If I could go back to my high school senor year, I would be more involved and I would have had a plan for college and I would have asked for help when I needed it. I would have done the Dual Enrollment program and attend free classes at the college and have most of my AA done, for free. It would have been a lot less stressful that way. I encourage all of the youth I meet to do so, college is a beautiful thing, I wish I realized that then. When all is said and done, I regret not trying harder and doing what I could have done then.
As a recovering addict I have screwed up my share of things, including College the first time. I think the most important thing I have ;learned about going back to college is that I can suceed. And even more importantly that I deserve to suceed. It is also giving me the opportunity for me kids to learn that if you want something bad enough you can succed. I don't them to waste 20 years of their life as a drug addict like I did but I also want them to see that even addiction and be oer come and you can succed.
If I could go back in time and talk to myself as a high school senior, knowing what I know now about college life and making the transition, I would advise myself to take my time. I would also advise myself to not take all the easy classes first, mix and match the moderate course with the harder courses. I would also advise myself to start planning for scholarships earlier. And, probably the greatest piece of advise that I would provide to myself would be not to procrastinate, and take a whole lot of notes.
If I could go back an talk to my high school self i would have said not to ever give up on something i want just because at the time it seems like too much money and to work harder to make sure i got what i wanted out of life. To hold onto my dreams and never let anyone discourge me. And to apply for a few scholarships which i slacked on doing in high school. I would mostly just tell myself that to make sure that I did what ever makes me the happiest no matter what it is, and to stop putting others above me.
If I could back in time as a high school senior I would advice my self to learn a second language. Because I did not attend high school in the USA, it was very challeging to enter a USA college. I think that knowing a second language is really important and many students should spend more time in doing do so. In addition, I would advice my self to enjoy and value the momentes with my professors and classmates. Now that I in college I have realized that high school was a great time in my life.
I would tell myself to not worry as much, college is a great experience. I would also tell myself that my first year will be the best due to the fact I will be involved in alot of clubs such as Psychology club, Humanities Club, and President of Campus Crusade for Christ. My second and final year at DSC will be the hardest since I will be taking harder classes, and all my friends have already transfered to other Universities, but I will still learn alot and won't regret any minute of it.

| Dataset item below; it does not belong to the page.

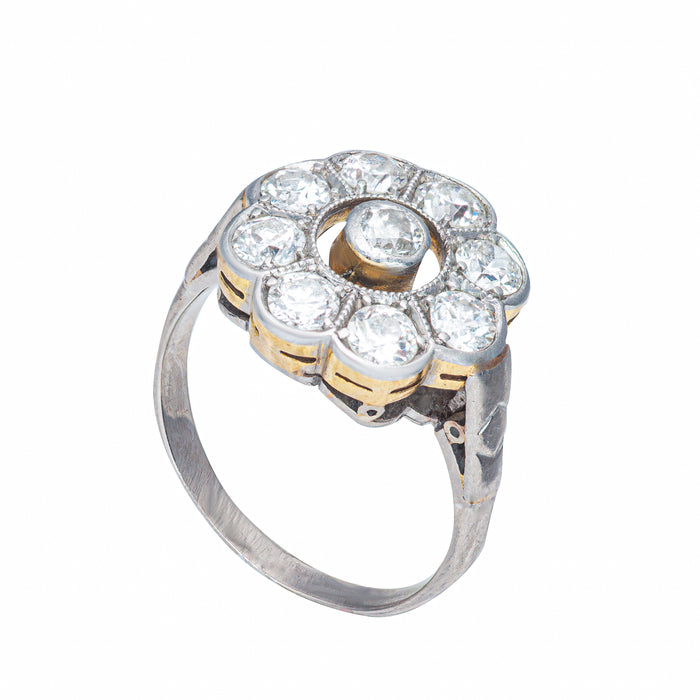 A Diamond Cluster Ring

Procrastination is the root of all evil. With paperwork, homework, registration, just everything. If you find yourself considering the possibility of putting off work of some sort to...I don't know, party, or go on Facebook, don't do it. Balance and moderation are key. But procrastination will get you stressed and falling farther and farther behind. It'll be easier on you, and reflect better with your teachers and future employers if you keep the procrastination to a minimum.
Since I studied my high school in Vietnam, I would have advised myself to spend more time on practising my English. My high school did not teach the pupils how to speak in English, instead they focused on teaching the grammar part. When I first came to the United States, I was shocked by how the English is sounded and spoken daily in a real world. Fortunately, I am getting used to it over time. Everybody that I know says my English is getting better every day.
If I could go back in time and give myself advice about a smooth transition into college, I would tell myself to be more involved in school. By this I mean, being more involved in academic programs/clubs, community service, extracurricular activities and taking college level courses. Being involved in those activities would help mold myself into a more responsible person. Responsibilty can help with time managment, organization, maturity and social skills.
I would tell myself to always work my hardest and not to let things stress me out so much. At a couple points during my college career, I have let myself become overwhelmed and discouraged. The whole time, I was able to acomplish so many things but I let my worries get in the way and distract me. I am at a point now that I wish I would have worked just a little bit harder and been more consistant so that I would have the success that I am achieving now.